■ **Problem details**: Begin at the line below that holds "豚肉のリエット(欧風小皿料理 沢村 丸の内)" and end at the line that holds "GODOX LED LIGHT FLASH RS60R 1K", transcribing each line exactly and skipping any picture.

■ **Provided records**:

════════════════════

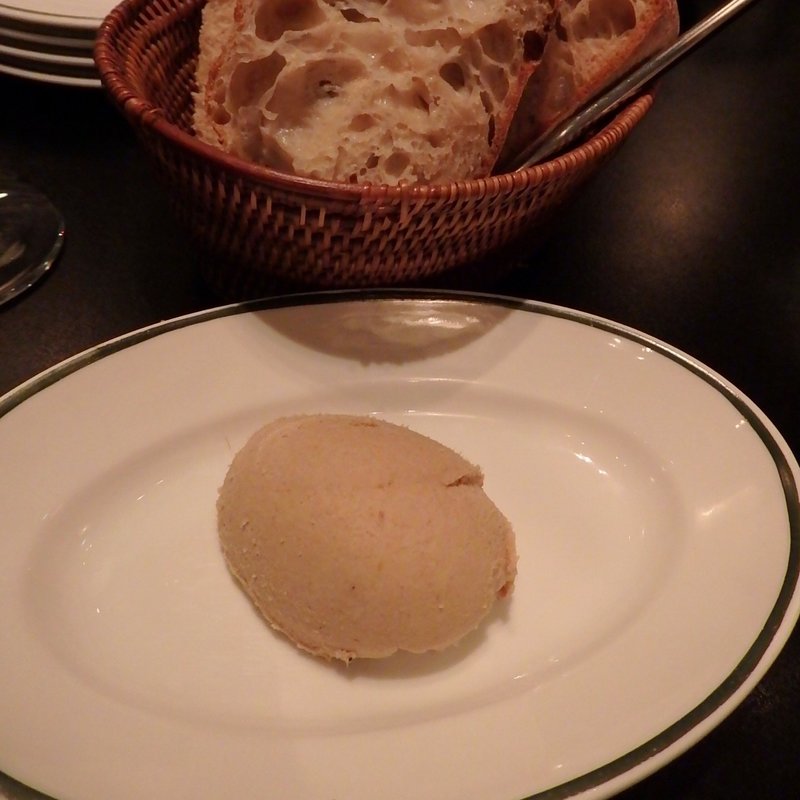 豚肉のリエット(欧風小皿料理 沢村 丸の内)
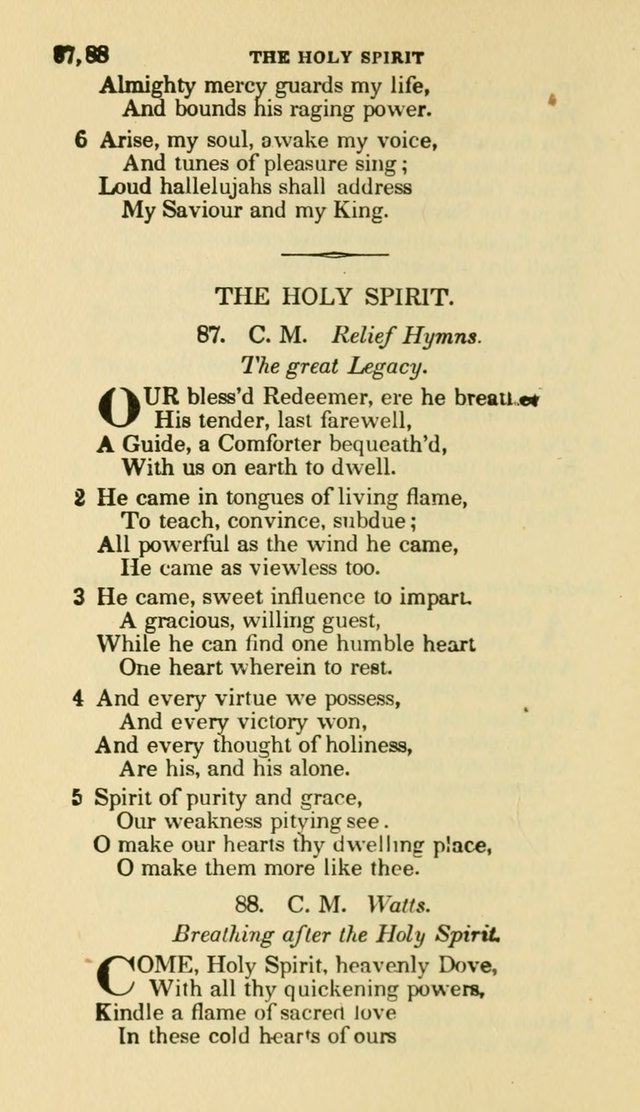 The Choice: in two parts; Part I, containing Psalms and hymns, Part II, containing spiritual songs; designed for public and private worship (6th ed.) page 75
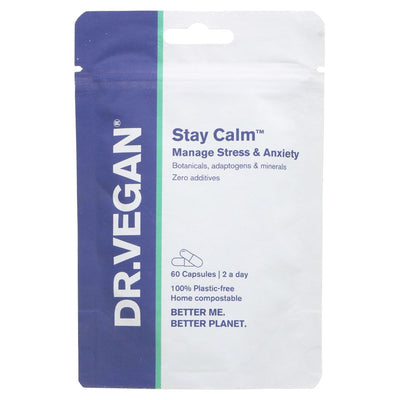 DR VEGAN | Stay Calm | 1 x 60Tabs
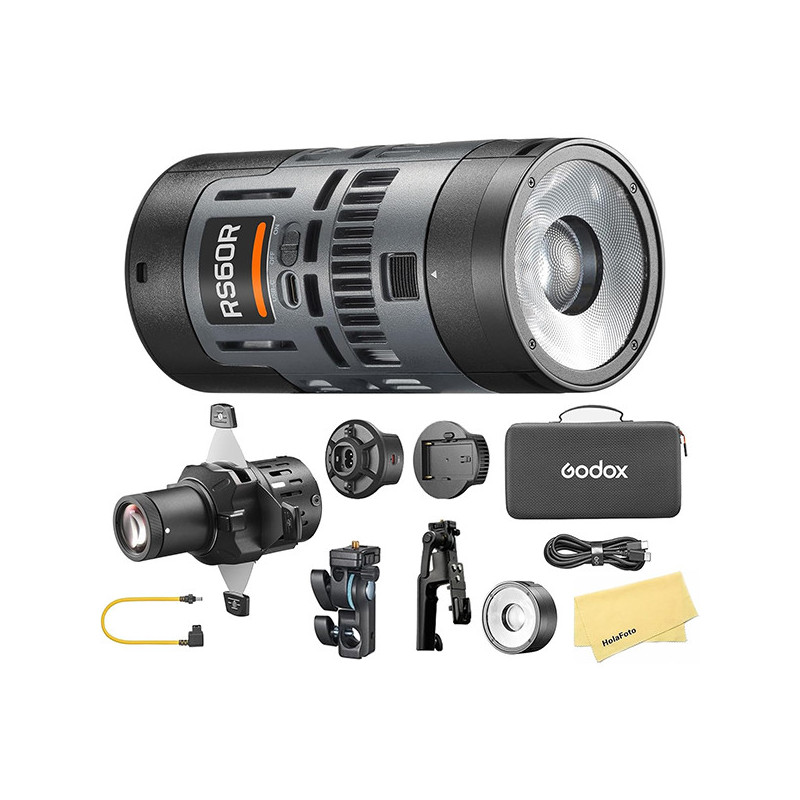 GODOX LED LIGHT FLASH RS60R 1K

════════════════════

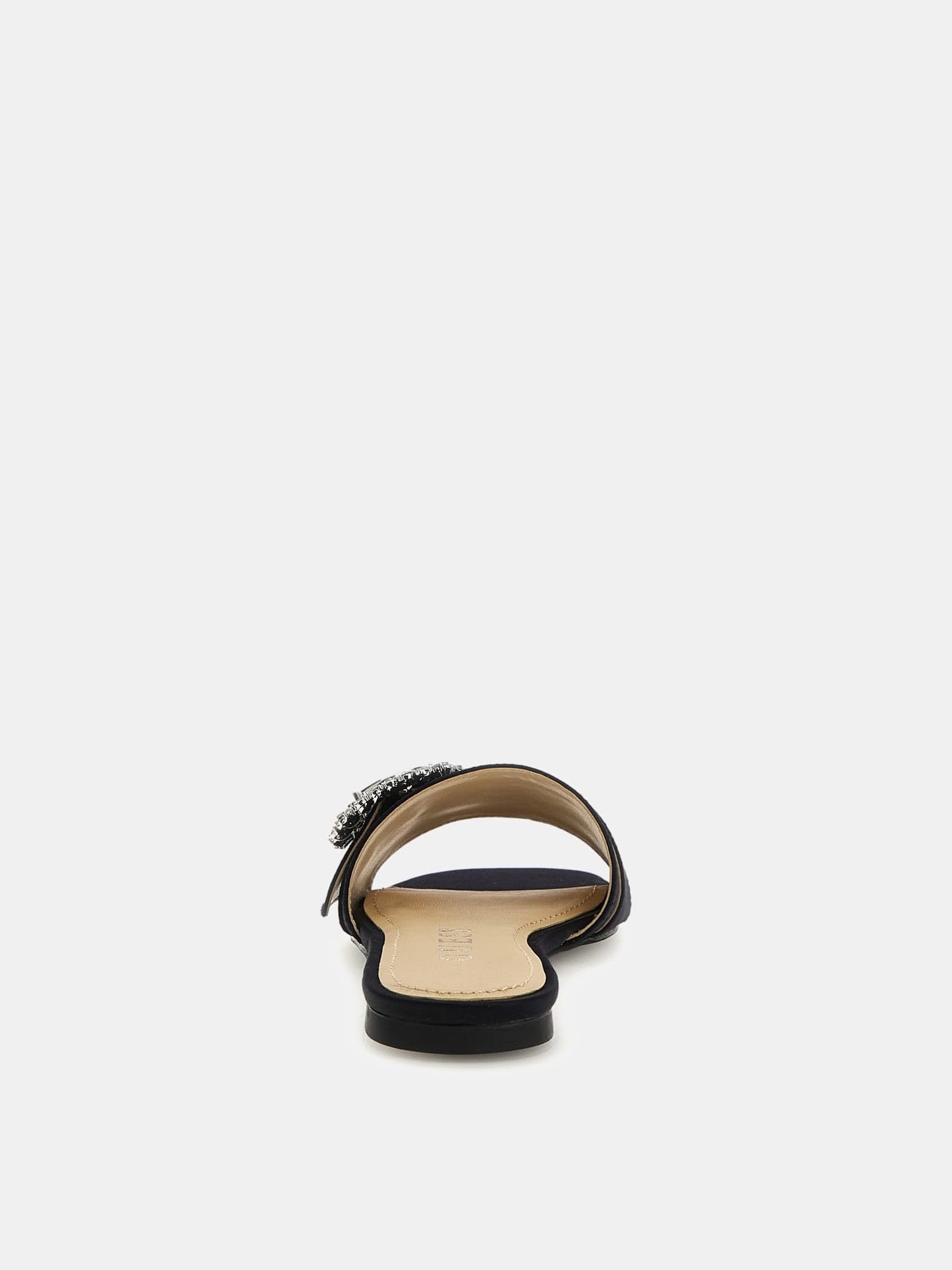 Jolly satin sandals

════════════════════

■ **Solution to the exercise**:
 豚肉のリエット(欧風小皿料理 沢村 丸の内)
 The Choice: in two parts; Part I, containing Psalms and hymns, Part II, containing spiritual songs; designed for public and private worship (6th ed.) page 75
 DR VEGAN | Stay Calm | 1 x 60Tabs
 GODOX LED LIGHT FLASH RS60R 1K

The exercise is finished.